Cardiac manifestations. Subclinical hypothyroidism may be associated with ventricular dysfunction, myocardial infarction, and atherosclerosis.18-20 A randomized controlled trial of 20 people with subclinical hypothyroidism found significantly improved left ventricular function assessed by echocardiography after 6 months of treatment with levothyroxine vs placebo.18 Whether treatment prevents myocardial infarction and atherosclerosis is unknown.19,20 A cohort study, involving 2779 adults studied aged >20 years, did not find an association between subclinical hypothyroidism and ischemic heart disease.2
Risks of replacement. A meta-analysis of 41 controlled, cross-sectional studies involving 1250 women treated with thyroid replacement for all causes (ie, not specifically subclinical hypothyroidism) found that replacement therapy (mean duration of treatment, 7 to 9 years) was associated with bone loss in premenopausal women, but not in postmenopausal women.17
A randomized trial of 37 patients over 55 with subclinical hypothyroidism (28 of whom were women), found that thyroid hormone reduced bone mineral density, as assessed by dual-energy x-ray absorptiometry (DEXA) scans over a 10-month period.14 In several trials, patients withdrew due to adverse effects. Two of 37 patients receiving L-thyroxine in 1 study withdrew because of new atrial fibrillation and worsened angina, and 2 of 20 patients in another study withdrew because of nervousness and palpitations.13,14
Recommendations from others
The US Preventive Services Task Force concluded the evidence is insufficient to recommend for or against routine screening for thyroid disease in adults.

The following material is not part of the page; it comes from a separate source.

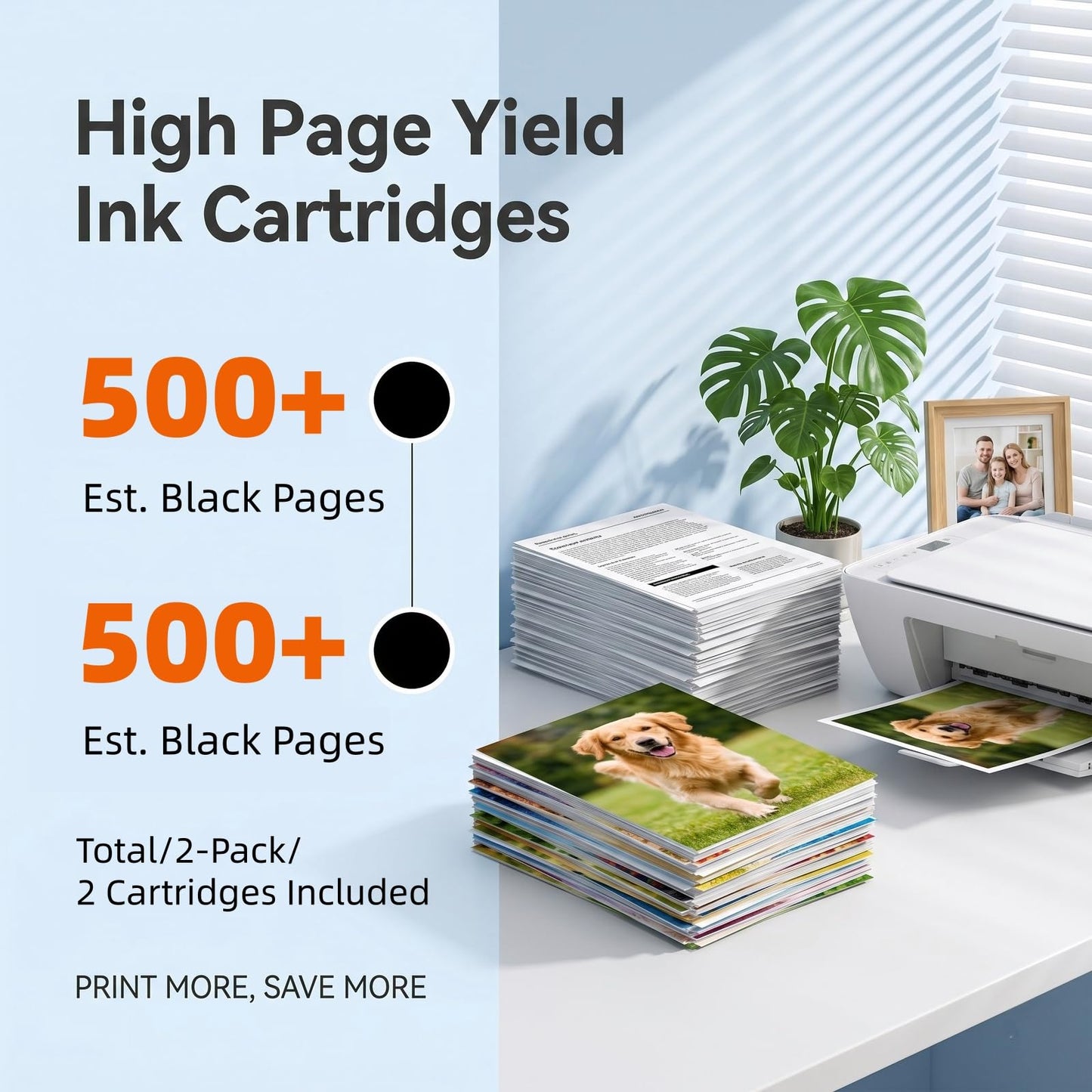 275XL Black Ink Cartridge Replacement for Canon Ink 275 275XL Black PG-275 PG-275XL Works for Canon PIXMA TR4720 TS3720 TS3500 TS3522 TS3520 TS3722 TR4700 TR4722 TR4723(2 Black)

The yield of screening is greater in high-risk groups such as postpartum women, people with Down syndrome, and the elderly; however, there is poor evidence that screening these groups leads to clinically important benefits.21
The American Thyroid Association recommends screening men and women beginning at age 35 and every 5 years thereafter.22 The American Academy of Family Physicians recommends screening for men and women over age 60.23 The American College of Physicians states screening may be indicated in women over age 50.24
Consider screening all female patients, particularly those over age 50
Julian T. Hsu, MD
A.F. Williams Family Medicine Center, University of Colorado Health Sciences Center, Denver
In my practice, there recently seems to be increased pressure from patients to screen for hypothyroidism, perhaps based on media or Internet information. I have used an individual “risk factor” approach when patients ask me for testing, based on their age, family history, and current symptoms. Based on the data, using the history and physical examination to tailor screening is an ineffective method of detecting hypothyroidism.
Until we have more evidence, I believe a reasonable approach is to offer screening to all of our female patients, particularly those over age 50, along with a careful acknowledgment of the lack of data for or against screening.